--- Supplied data Enclosed Below ---
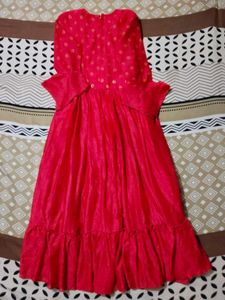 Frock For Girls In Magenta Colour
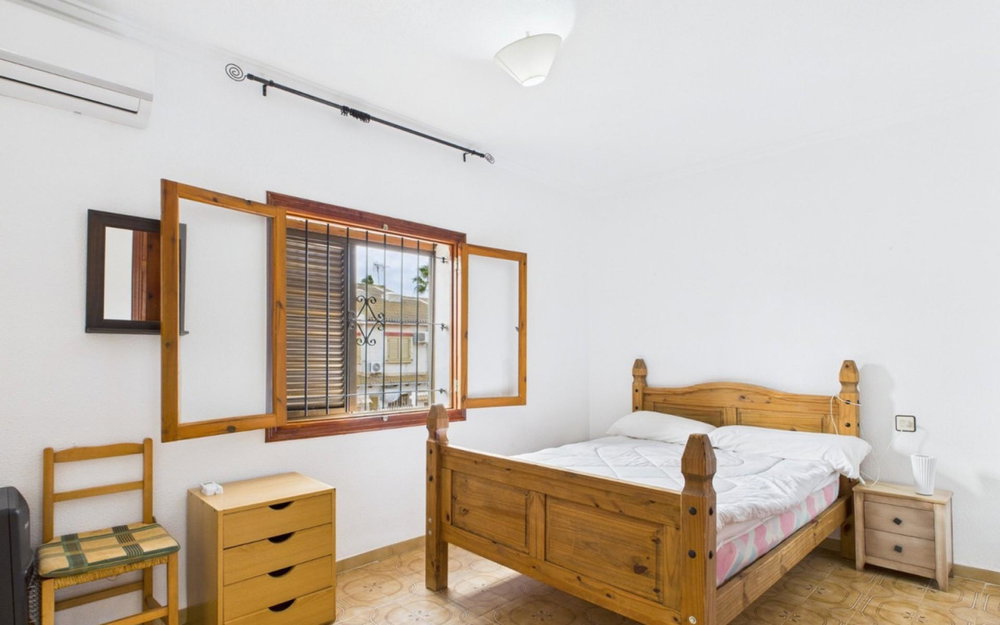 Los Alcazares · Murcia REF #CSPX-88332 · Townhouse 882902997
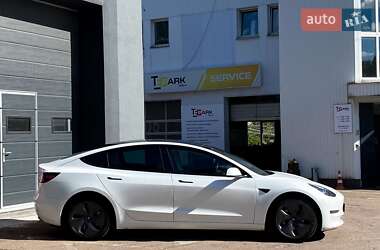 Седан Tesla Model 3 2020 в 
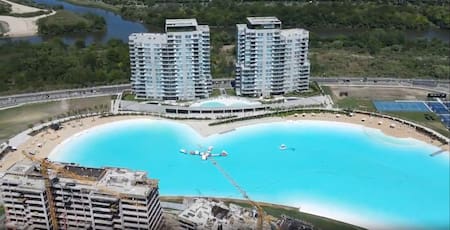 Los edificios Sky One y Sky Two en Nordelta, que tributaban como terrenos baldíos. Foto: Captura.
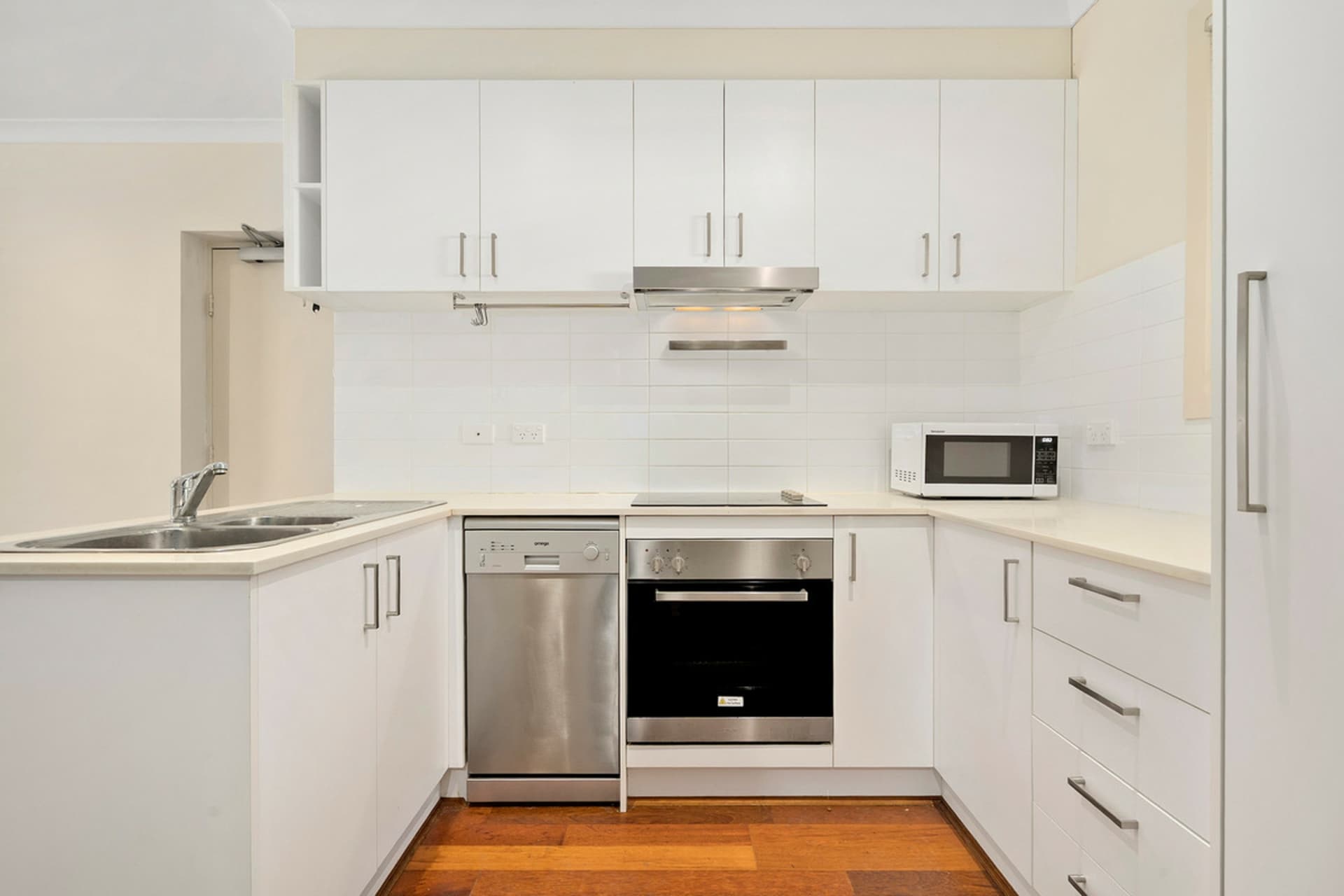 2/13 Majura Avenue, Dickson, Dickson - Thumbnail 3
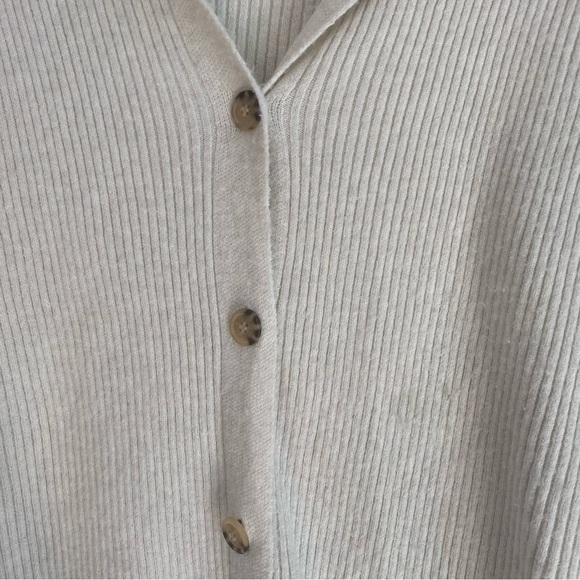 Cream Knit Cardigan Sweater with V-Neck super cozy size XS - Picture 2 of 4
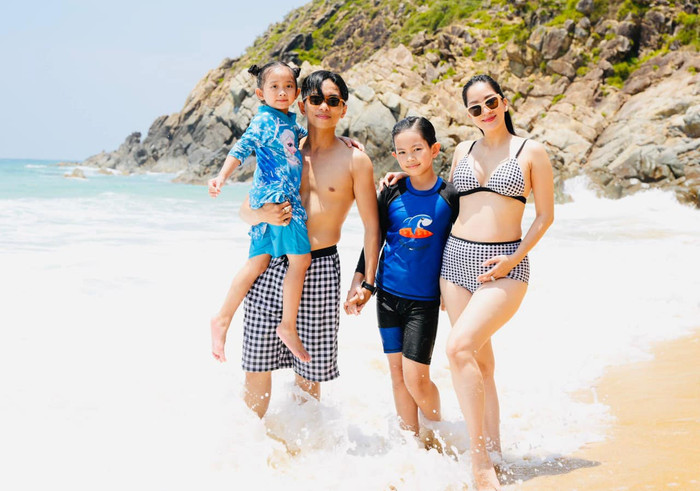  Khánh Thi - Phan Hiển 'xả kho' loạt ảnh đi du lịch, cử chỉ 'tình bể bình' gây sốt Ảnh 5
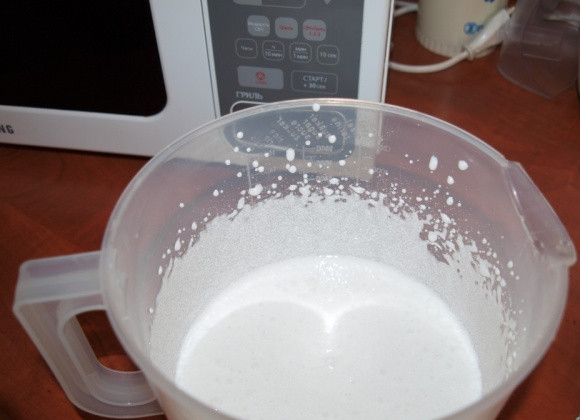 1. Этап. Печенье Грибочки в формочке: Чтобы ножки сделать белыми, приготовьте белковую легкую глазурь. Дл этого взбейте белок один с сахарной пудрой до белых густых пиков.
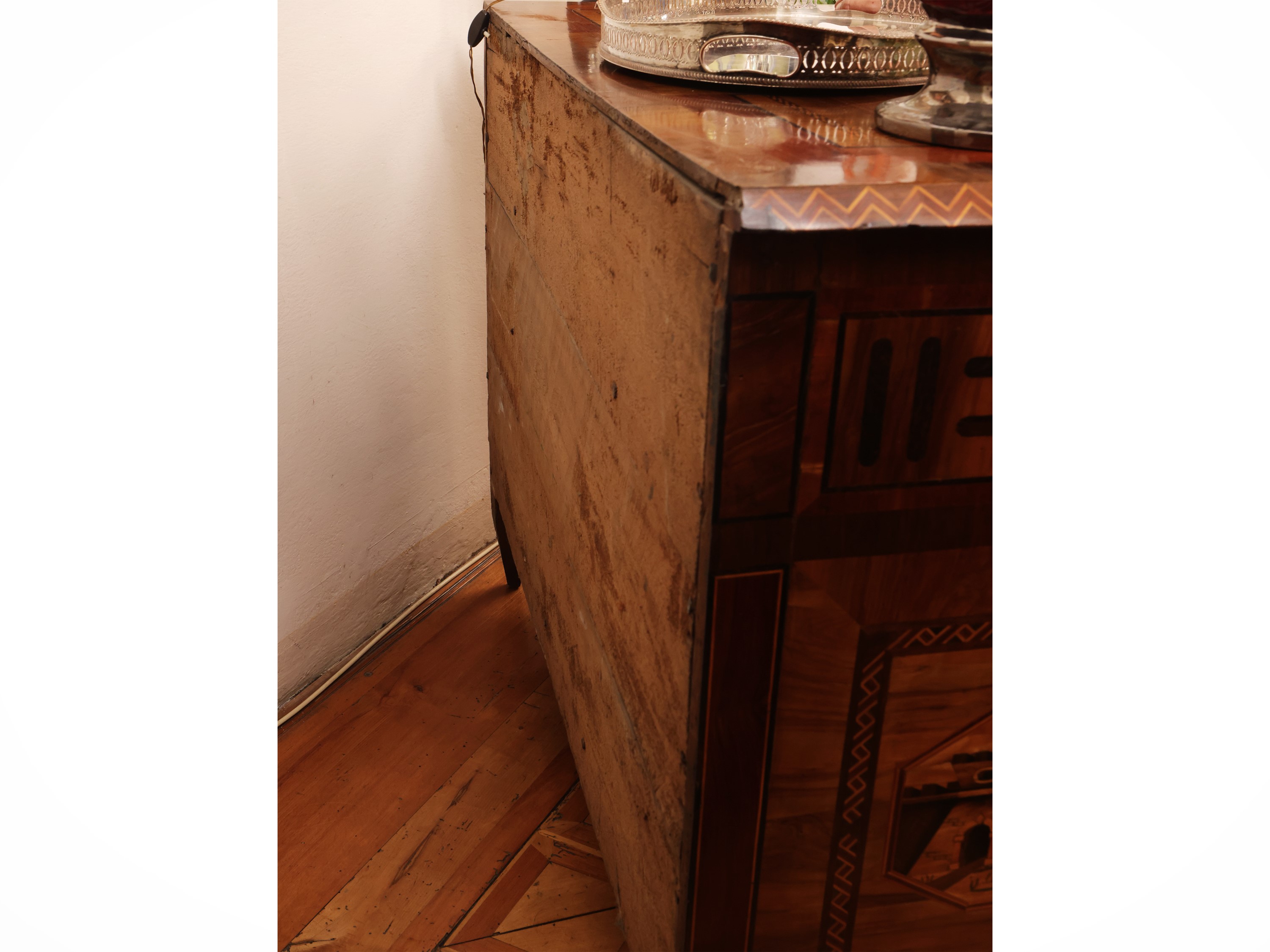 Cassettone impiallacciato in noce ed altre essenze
--- End of Enclosed Supplied data ---
- [Directions]: Take every entry and repeat it verbatim, minus the pictures.

- [Result]:
 Frock For Girls In Magenta Colour
 Los Alcazares · Murcia REF #CSPX-88332 · Townhouse 882902997
 Седан Tesla Model 3 2020 в 
 Los edificios Sky One y Sky Two en Nordelta, que tributaban como terrenos baldíos. Foto: Captura.
 2/13 Majura Avenue, Dickson, Dickson - Thumbnail 3
 Cream Knit Cardigan Sweater with V-Neck super cozy size XS - Picture 2 of 4
  Khánh Thi - Phan Hiển 'xả kho' loạt ảnh đi du lịch, cử chỉ 'tình bể bình' gây sốt Ảnh 5
 1. Этап. Печенье Грибочки в формочке: Чтобы ножки сделать белыми, приготовьте белковую легкую глазурь. Дл этого взбейте белок один с сахарной пудрой до белых густых пиков.
 Cassettone impiallacciato in noce ed altre essenze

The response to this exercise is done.